Re:Finally (Score:4, Insightful)
Yeah, this is always the problem that big software projects have... I don't claim that users are perfect and "know" what they want, but it has to be said: if you are making a USER interface, it's probably best if the USER gets some say in that and that you listen to the USERS especially when a large of them speak up. Other parts, sure, you can say "We don't work that way" but the user interface is sacred and your *only* interaction with the program as a user. Mess that up, you might as well not have the program at all.
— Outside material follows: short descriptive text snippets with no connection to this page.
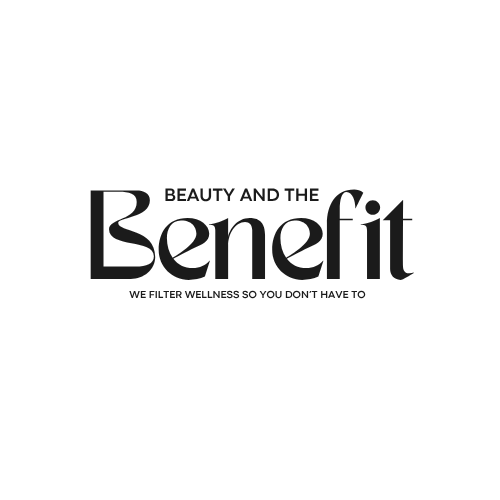 Beauty and the Benefit 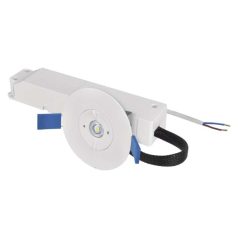 EMOS LED vészvilágító lámpatest ORSU 2W 300lm 3 óra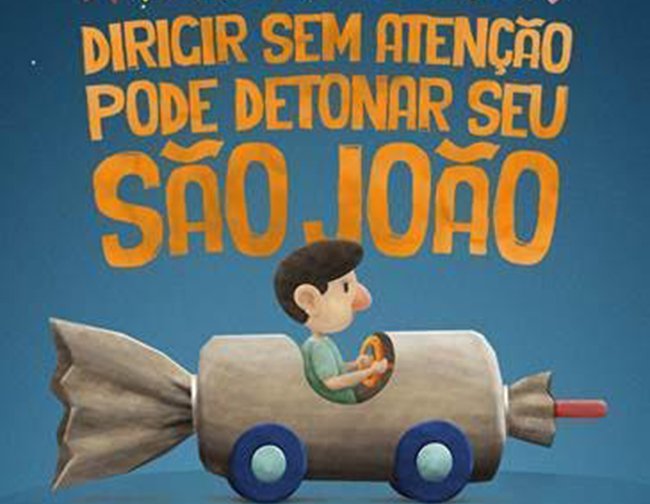 VIABAHIA divulga detalhes da Operação São João 2018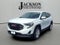 2020 GMC Terrain FWD SLE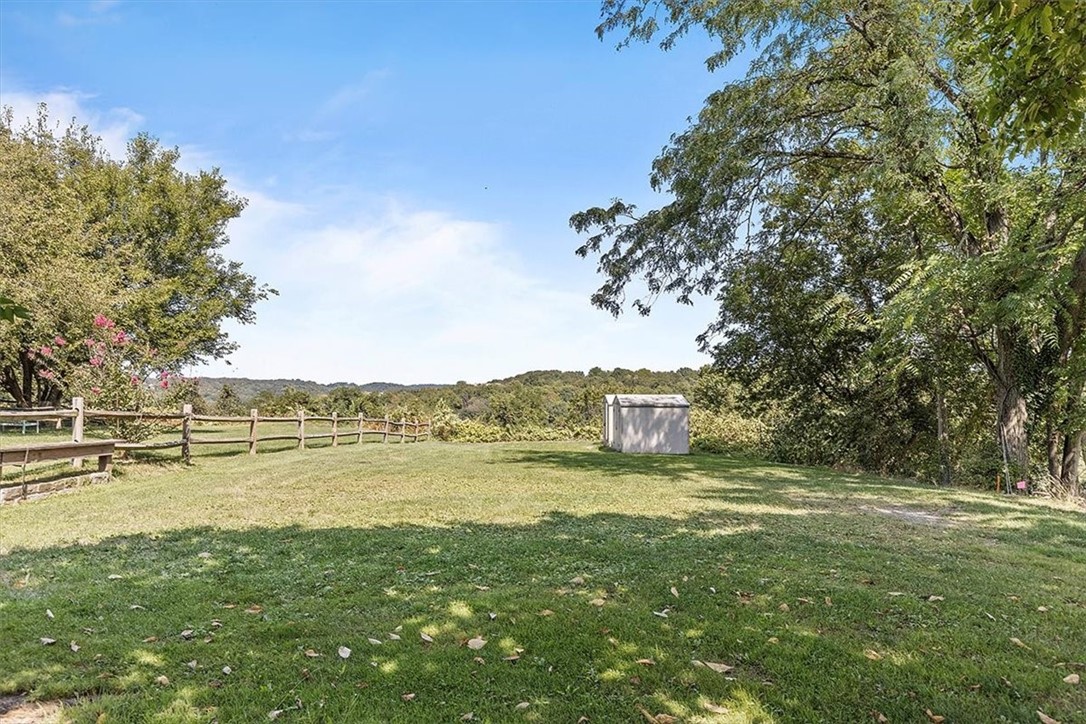 379 Dorseyville Rd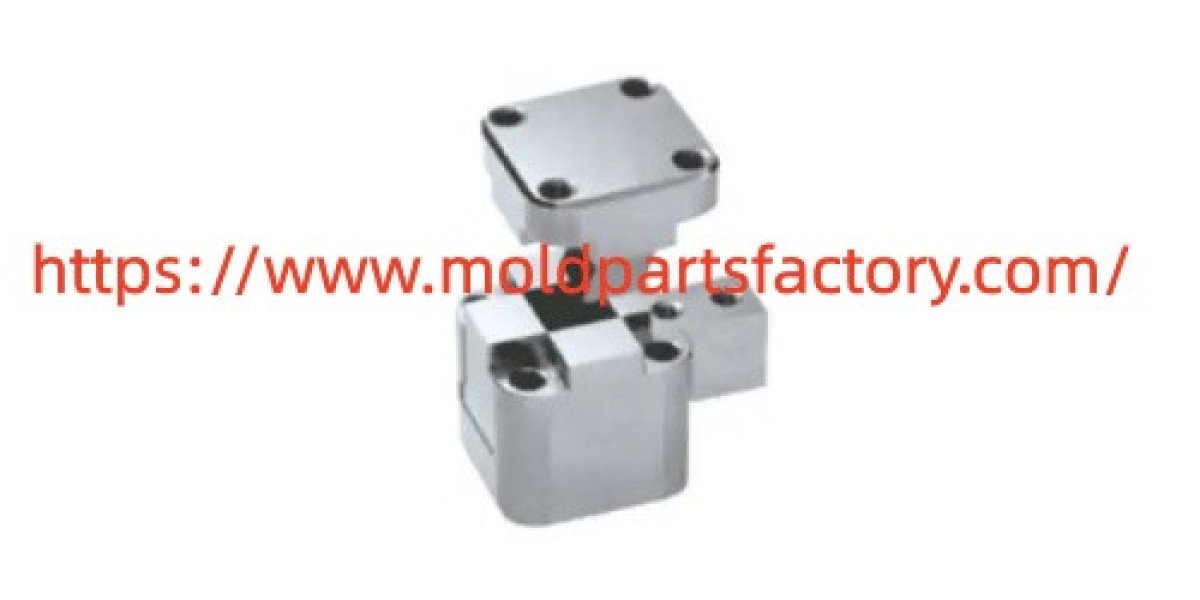 Which Factors Trigger Side Core Pulling Problems During Mold Operation Moldpartsfactory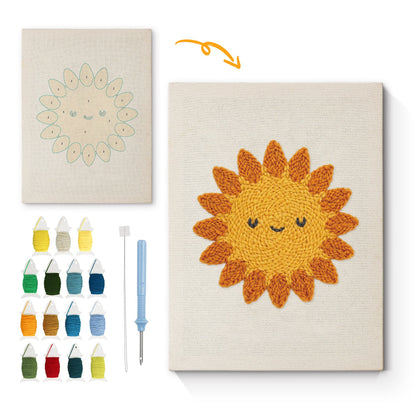 Sunny Smile - miicreative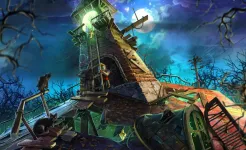 Screenshot Заблудшие души 2. Мистический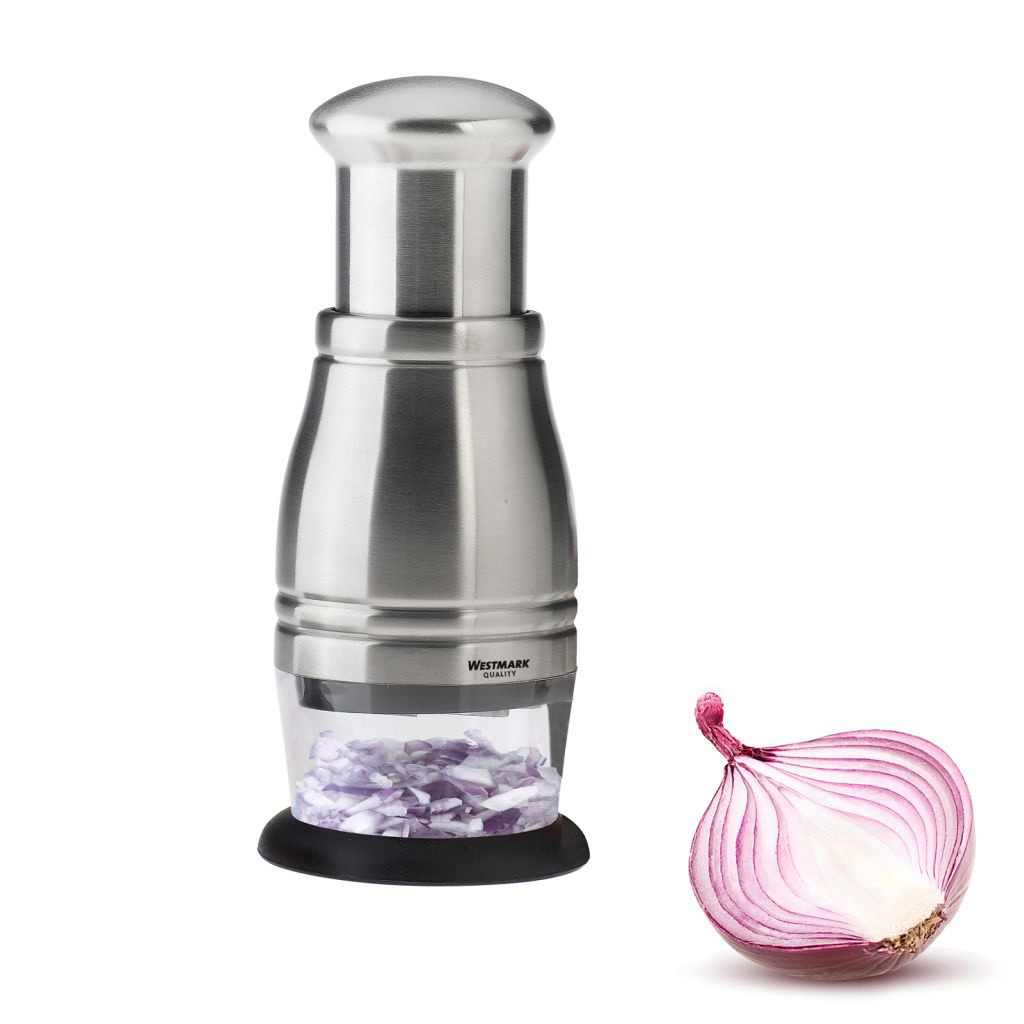 westmark-uienhakker-22cm-rvs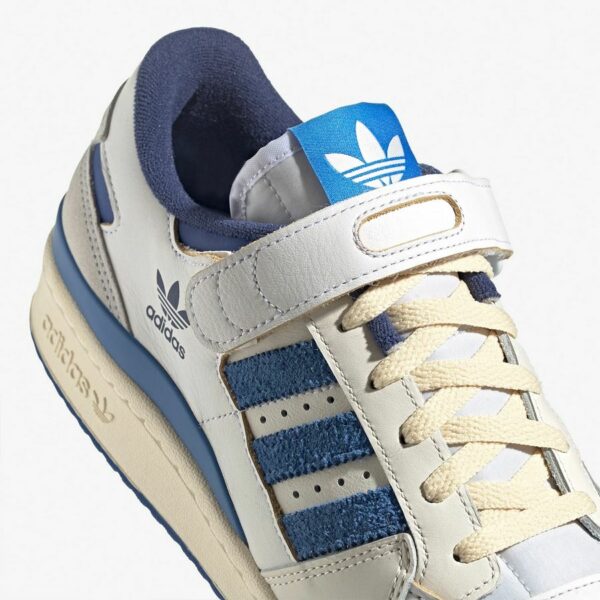 adidas Forum 84 Low OG Blue Thread Royal - Зображення 8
And I'm sorry, but I'm a single-window person. I've work in IT for years and the *easiest* way to work is on a commandline or in a full-screen window (alt-tab's, multiple desktops etc. vital, of course). Rarely do I need two things side by side on the screen but when I do, it's usually TWO and that's it, and that's easily handled by tiling the windows. Bear in mind that I have 18 windows open on my machine at the moment, everything from instant messengers, shell sessions, folder views, web browsers, development environments etc. The only "non-full-screen" ones are two shell windows where I'm referring to one file in another and need to check consistency between the two, and the instant messengers (because they don't need full-screen, are minimised, and are only on the taskbar so that they flash when I get a message). MDI is an invaluable tool - I can't web-browse without my Opera tabs - and ignoring it because of some "religious" argument is stupid. I've seen even the cheapest paint programs offer a "Do you want an MDI or SDI interface?" dialog on first run... Serif software springs to mind.
The only other program I ever really used a lot that didn't do single-window nicely was some of the old versions of Visual Basic. But there they had a reason - you were designing a UI within an UI, so it's not an easy task to do.
At last, though, GIMP has woken up to the protests of almost *every* non-professional-user that's ever wanted to use it. When the new version is released, it will be downloaded and tried, if for no other reason than to add another number to the download stats for the single-window-capable versions.
I love Gimp... but not on OS X (Score:2)
I love Gimp and have used it for many years for conversions, touch-ups of pictures, website graphics etc. When I switched to a MacBook, I was pleased to see the OS X version. But it doesn't really work, I'm afraid.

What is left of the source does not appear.